Each university has adopted similar surveys of their students’ satisfaction with their subjects and teaching, and these are examined at least annually by the academics themselves as well as by the heads of their programs, departments or schools.

A third crucial factor improving Australian universities’ teaching has been the contribution of the Office for Learning and Teaching (OLT).  The OLT is the direct successor of the Australian Learning and Teaching Council (2008-2011), and was previously known as the Carrick Institute, formed in 2004.  The OLT’s grants for academics and professional staff to investigate, develop and implement innovations in learning and teaching are assessed by peers and accorded the same status as peer evaluated research grants, greatly enhancing the standing of scholarship and innovation.

The office’s prestigious fellowships support leading educators to make institution or sector-wide improvements fellowships support leading educators to make institution or sector-wide improvements in teaching.  There is now a significant network of current and former fellows who provide continuing advice and support on teaching excellence across higher education in Australia and beyond.

The OLT continues the longstanding awards for outstanding contributions to student learning and for teaching excellence. These high-profile celebrations of achievements reward and encourage leadership min improving teaching and learning.  The reports, including good practice reports, on the office’s website, are valuable resources.

These factors have resulted in several improvements in universities’ learning and teaching.  Many disciplines now have significant resources to draw on to improve educational standards and teaching from engineering to accounting to clinical practice.  These builds on longstanding attention to the first-year experience, work-integrated learning and the incorporation of graduate attributes into learning outcomes, all of which improve students’ learning and their experience.   These communities of academics committed to building academic integrity, improving English language and cultural competencies.

In recent times the blending of online technologies with on-campus study, called hybrid teaching, and learning in the US (where it seems less widespread), has been a major focus.
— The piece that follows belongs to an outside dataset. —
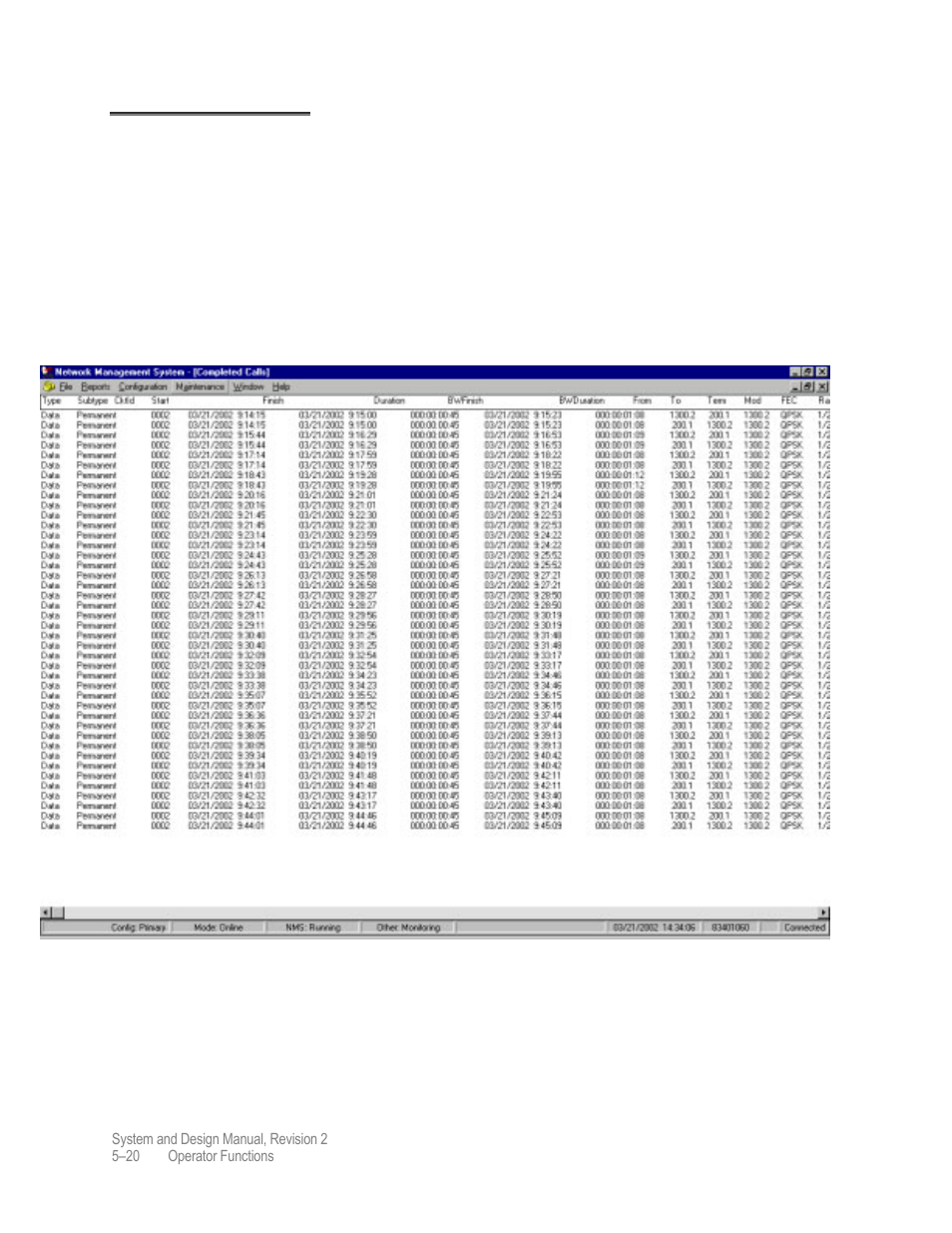 Completed call log | Comtech EF Data MIDAS 4 System and Design User Manual | Page 90 / 126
Other new technologies

Have also been incorporated into traditional teaching and learning such as online submission of assignments, originality checks, marking rubrics and embedded voice and text comments that align assessment and feedback with the syllabus and learning goals.

There is, to my knowledge, no Australian university without a learning management system that holds online materials and supports online interaction with students.

Together online technologies enable learning analytics that universities use to identify early – and precisely what – promotes learning for students.

None of these changes has disrupted universities but collectively the sophistication in understanding teaching and learning has increased and outcomes have improved.  And while we don’t yet measure learning and teaching internationally in rankings as we do research, if we did we might well be surprised at the quality of the learning experience Australian universities provide their students.

The revolution may be quiet but it is profound.